Senior opposition officials met with party president Sam Rainsy in Manila yesterday, even as the Phnom Penh Municipal Court issued a fresh summons to the embattled opposition leader calling him for questioning in apparent connection with the case of jailed Sam Rainsy Party Senator Hong Sok Hour.
Cambodia National Rescue Party spokesman Ou Chanrith said yesterday that the top officials had left for Manila last night and had “decided on a few points” regarding the ongoing legal drama in Cambodia that has seen a warrant issued for Rainsy’s arrest over a years-old defamation case brought by Foreign Minister Hor Namhong.
“One [point] is what the MPs will do while this issue is still very hot, very tense,” Chanrith said, adding that the party would meet on Monday to discuss the situation, while declining to comment in greater detail on the outcome of yesterday’s meeting.
The Manila conference came just as investigating judge Keo Vandy issued a summons ordering Rainsy to appear for questioning at the Phnom Penh Municipal Court on December 4.
“Sam Rainsy, the president of the CNRP, is accused as an accomplice in the act of faking public documents, using fake public documents and incitement of serious turmoil to social security, committed in Phnom Penh on 12 and 13 August 2015 under articles 29, 629, 630 and 495 of the criminal code,” the summons reads, adding that if he fails to appear, another warrant will be issued for his arrest.
The charges are almost identical to those faced by opposition Senator Hong Sok Hour, who was taken into custody on August 15 after Prime Minister Hun Sen called for his “urgent” arrest for posting a “fake” portion of a 1979 Cambodia-Vietnam border treaty on Rainsy’s Facebook page.

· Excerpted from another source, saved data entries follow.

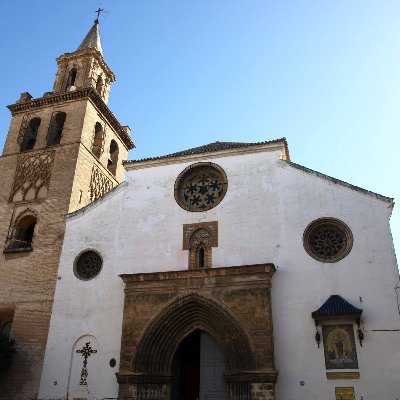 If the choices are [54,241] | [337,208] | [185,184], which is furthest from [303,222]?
[54,241]

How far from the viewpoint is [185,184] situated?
17016mm

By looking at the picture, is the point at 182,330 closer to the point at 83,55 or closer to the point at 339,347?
the point at 339,347

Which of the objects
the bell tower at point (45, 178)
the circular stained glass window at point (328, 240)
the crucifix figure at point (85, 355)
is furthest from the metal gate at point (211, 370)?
the bell tower at point (45, 178)

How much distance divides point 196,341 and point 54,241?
6.46 meters

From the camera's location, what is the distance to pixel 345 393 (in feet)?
40.5

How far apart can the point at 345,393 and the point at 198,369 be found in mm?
4769

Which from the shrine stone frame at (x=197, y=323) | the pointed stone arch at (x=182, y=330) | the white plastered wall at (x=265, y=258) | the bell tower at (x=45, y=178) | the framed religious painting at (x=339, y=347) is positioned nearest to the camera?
the framed religious painting at (x=339, y=347)

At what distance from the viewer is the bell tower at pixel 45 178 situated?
1606 centimetres

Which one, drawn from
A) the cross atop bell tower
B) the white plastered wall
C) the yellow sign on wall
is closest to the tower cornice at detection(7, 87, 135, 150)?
the cross atop bell tower

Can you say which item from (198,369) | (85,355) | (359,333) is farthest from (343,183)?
(85,355)

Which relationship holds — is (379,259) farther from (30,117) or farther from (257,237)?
(30,117)

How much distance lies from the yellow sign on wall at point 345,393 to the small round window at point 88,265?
8.55 metres

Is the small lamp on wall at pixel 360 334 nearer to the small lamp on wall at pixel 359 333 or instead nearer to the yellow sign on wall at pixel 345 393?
the small lamp on wall at pixel 359 333

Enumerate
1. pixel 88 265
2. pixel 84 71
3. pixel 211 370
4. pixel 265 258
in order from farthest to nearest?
pixel 84 71
pixel 88 265
pixel 265 258
pixel 211 370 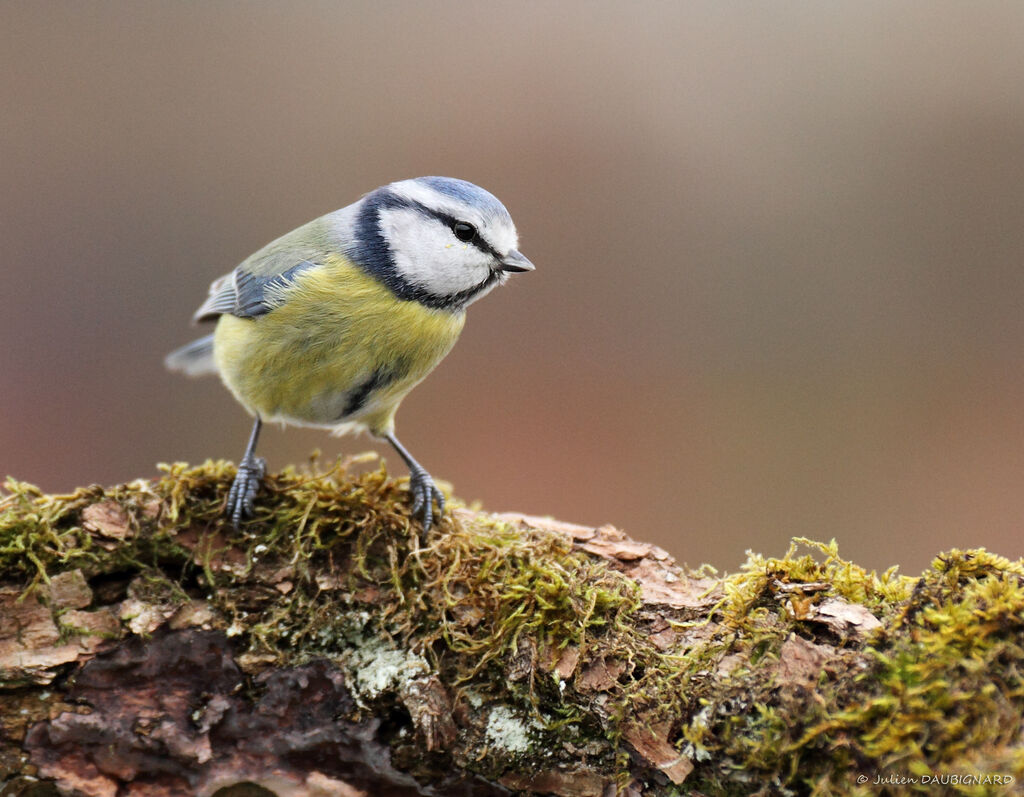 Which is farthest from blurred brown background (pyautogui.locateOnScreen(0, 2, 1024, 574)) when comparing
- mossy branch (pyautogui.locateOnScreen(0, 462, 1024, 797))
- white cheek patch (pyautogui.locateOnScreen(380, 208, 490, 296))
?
mossy branch (pyautogui.locateOnScreen(0, 462, 1024, 797))

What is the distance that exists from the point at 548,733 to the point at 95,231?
11.7ft

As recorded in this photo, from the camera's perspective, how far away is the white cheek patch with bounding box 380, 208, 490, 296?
2.07 m

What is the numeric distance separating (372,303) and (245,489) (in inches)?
Answer: 21.2

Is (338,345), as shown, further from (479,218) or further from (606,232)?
(606,232)

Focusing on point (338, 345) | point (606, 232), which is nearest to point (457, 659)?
point (338, 345)

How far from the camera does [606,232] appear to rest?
4234 millimetres

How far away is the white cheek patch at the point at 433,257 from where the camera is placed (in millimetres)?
2070

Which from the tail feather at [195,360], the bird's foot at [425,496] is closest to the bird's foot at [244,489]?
the bird's foot at [425,496]

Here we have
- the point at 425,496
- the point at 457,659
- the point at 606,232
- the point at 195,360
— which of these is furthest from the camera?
the point at 606,232

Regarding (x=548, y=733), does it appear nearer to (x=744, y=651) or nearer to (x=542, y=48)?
(x=744, y=651)

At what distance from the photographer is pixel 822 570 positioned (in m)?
1.49

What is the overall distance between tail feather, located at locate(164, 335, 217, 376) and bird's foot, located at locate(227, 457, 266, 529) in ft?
2.90

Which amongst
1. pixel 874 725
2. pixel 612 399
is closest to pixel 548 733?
pixel 874 725

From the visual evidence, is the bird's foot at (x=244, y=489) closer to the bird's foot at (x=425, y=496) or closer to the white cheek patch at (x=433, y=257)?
the bird's foot at (x=425, y=496) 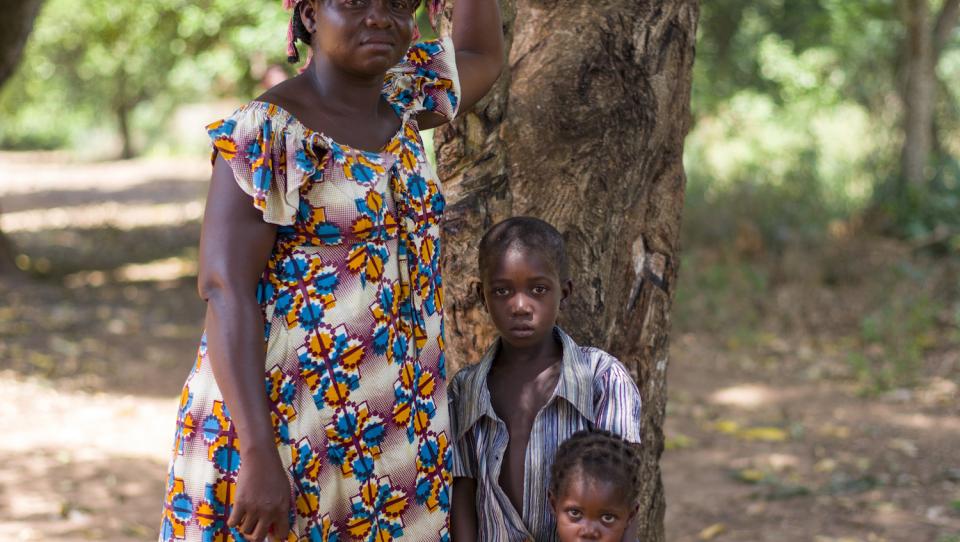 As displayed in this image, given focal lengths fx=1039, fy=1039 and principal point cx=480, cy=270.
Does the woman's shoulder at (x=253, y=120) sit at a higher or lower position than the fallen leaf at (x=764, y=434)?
lower

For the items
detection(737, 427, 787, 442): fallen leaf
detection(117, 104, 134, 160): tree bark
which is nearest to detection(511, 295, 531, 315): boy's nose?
detection(737, 427, 787, 442): fallen leaf

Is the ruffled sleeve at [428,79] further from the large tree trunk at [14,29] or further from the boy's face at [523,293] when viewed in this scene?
the large tree trunk at [14,29]

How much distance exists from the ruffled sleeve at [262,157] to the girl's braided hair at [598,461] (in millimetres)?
703

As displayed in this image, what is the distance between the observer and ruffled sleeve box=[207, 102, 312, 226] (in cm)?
168

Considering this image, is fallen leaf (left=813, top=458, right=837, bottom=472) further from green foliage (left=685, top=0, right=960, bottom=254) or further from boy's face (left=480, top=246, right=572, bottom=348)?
green foliage (left=685, top=0, right=960, bottom=254)

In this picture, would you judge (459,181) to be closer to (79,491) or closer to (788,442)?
(79,491)

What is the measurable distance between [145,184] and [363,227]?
828 inches

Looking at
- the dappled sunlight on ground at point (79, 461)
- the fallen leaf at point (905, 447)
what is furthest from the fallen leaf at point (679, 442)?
the dappled sunlight on ground at point (79, 461)

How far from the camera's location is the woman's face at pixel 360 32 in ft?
5.96

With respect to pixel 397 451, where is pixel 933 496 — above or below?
above

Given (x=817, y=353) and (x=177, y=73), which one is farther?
(x=177, y=73)

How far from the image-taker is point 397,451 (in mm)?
1903

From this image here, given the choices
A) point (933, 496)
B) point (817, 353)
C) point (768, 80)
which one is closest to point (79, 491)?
point (933, 496)

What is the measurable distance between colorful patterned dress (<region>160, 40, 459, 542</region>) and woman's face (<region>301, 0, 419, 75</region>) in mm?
159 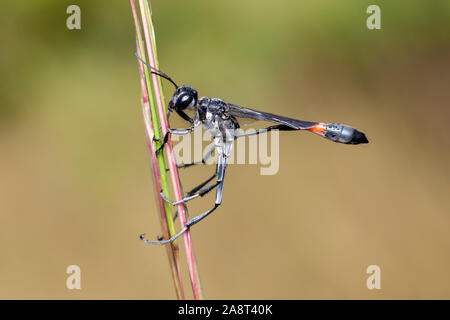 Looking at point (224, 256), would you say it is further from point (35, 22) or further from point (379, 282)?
point (35, 22)

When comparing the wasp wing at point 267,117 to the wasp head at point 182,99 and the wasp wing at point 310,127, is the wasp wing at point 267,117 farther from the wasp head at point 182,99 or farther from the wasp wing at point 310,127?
the wasp head at point 182,99

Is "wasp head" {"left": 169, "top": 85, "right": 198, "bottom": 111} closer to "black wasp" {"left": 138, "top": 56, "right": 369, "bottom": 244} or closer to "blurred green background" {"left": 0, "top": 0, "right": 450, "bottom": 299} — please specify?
"black wasp" {"left": 138, "top": 56, "right": 369, "bottom": 244}

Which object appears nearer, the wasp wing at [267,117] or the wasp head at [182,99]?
the wasp head at [182,99]

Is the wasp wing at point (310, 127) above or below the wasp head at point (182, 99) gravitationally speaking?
below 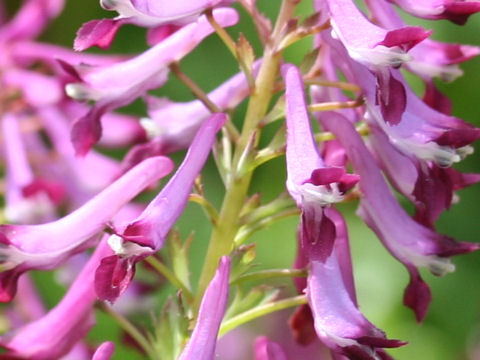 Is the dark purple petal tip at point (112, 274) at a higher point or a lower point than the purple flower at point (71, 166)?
higher

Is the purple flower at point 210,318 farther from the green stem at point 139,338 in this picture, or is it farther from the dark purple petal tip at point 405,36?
the dark purple petal tip at point 405,36

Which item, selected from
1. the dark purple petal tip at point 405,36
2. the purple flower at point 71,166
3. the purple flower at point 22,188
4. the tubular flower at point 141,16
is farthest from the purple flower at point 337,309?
the purple flower at point 71,166

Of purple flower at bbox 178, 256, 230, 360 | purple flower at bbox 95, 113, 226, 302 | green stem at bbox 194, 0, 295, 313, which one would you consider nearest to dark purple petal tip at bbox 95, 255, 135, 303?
purple flower at bbox 95, 113, 226, 302

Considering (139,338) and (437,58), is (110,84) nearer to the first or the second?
(139,338)

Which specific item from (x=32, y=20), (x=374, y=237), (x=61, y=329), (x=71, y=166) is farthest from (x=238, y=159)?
(x=374, y=237)

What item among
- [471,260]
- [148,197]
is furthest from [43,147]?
[471,260]

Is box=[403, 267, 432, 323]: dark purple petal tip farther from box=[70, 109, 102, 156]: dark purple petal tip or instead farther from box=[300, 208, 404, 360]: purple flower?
box=[70, 109, 102, 156]: dark purple petal tip

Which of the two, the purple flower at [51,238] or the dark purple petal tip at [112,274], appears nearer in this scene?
the dark purple petal tip at [112,274] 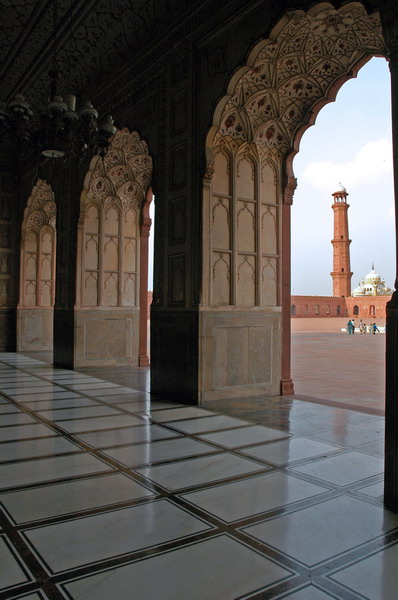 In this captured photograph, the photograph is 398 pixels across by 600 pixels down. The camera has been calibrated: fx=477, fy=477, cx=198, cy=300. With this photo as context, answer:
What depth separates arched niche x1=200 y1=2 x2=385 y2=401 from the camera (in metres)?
4.41

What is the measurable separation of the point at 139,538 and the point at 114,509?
1.05ft

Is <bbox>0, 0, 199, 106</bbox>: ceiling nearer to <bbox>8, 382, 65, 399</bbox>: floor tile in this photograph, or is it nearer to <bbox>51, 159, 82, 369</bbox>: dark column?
<bbox>51, 159, 82, 369</bbox>: dark column

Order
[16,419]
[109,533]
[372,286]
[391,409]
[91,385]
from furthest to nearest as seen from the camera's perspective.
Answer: [372,286], [91,385], [16,419], [391,409], [109,533]

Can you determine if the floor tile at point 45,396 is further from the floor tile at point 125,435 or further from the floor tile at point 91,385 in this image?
the floor tile at point 125,435

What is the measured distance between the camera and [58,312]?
26.2 feet

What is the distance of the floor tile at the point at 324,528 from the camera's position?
1.82 meters

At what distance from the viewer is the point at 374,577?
163 cm

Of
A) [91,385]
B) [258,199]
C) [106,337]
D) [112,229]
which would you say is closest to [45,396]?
[91,385]

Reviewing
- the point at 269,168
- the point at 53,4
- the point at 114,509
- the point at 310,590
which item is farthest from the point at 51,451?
the point at 53,4

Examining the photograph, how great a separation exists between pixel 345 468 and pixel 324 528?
2.81ft

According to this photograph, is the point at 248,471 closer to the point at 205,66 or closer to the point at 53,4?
the point at 205,66

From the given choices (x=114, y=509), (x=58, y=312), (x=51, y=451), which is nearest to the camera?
(x=114, y=509)

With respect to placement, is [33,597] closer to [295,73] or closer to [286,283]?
[286,283]

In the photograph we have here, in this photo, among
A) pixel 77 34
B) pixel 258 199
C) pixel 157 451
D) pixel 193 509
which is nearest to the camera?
pixel 193 509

Chanrith said the party would meet today to discuss the summons. Rainsy’s Facebook page, he added, wasn’t exclusively administrated by the party leader himself, and Sok Hour may have had the ability to post on it through the page’s administrators.
An influential, albeit unofficial, mediator had suggested that Rainsy could return and avoid jail time by issuing an apology to Namhong, who he suggested had marked others for death while detained at the Boeung Trabek prison under the Khmer Rouge regime.
Far from apologising, however, Rainsy again reiterated the accusation on his Facebook page on Thursday, saying Namhong should “apologise to the souls and the families of the victims” he allegedly “denounced”.
Government spokesman Phay Siphan insisted yesterday that there were no official negotiations to quash Rainsy’s case, nor could there be until he had served two thirds of his two-year sentence and was thus eligible for a pardon.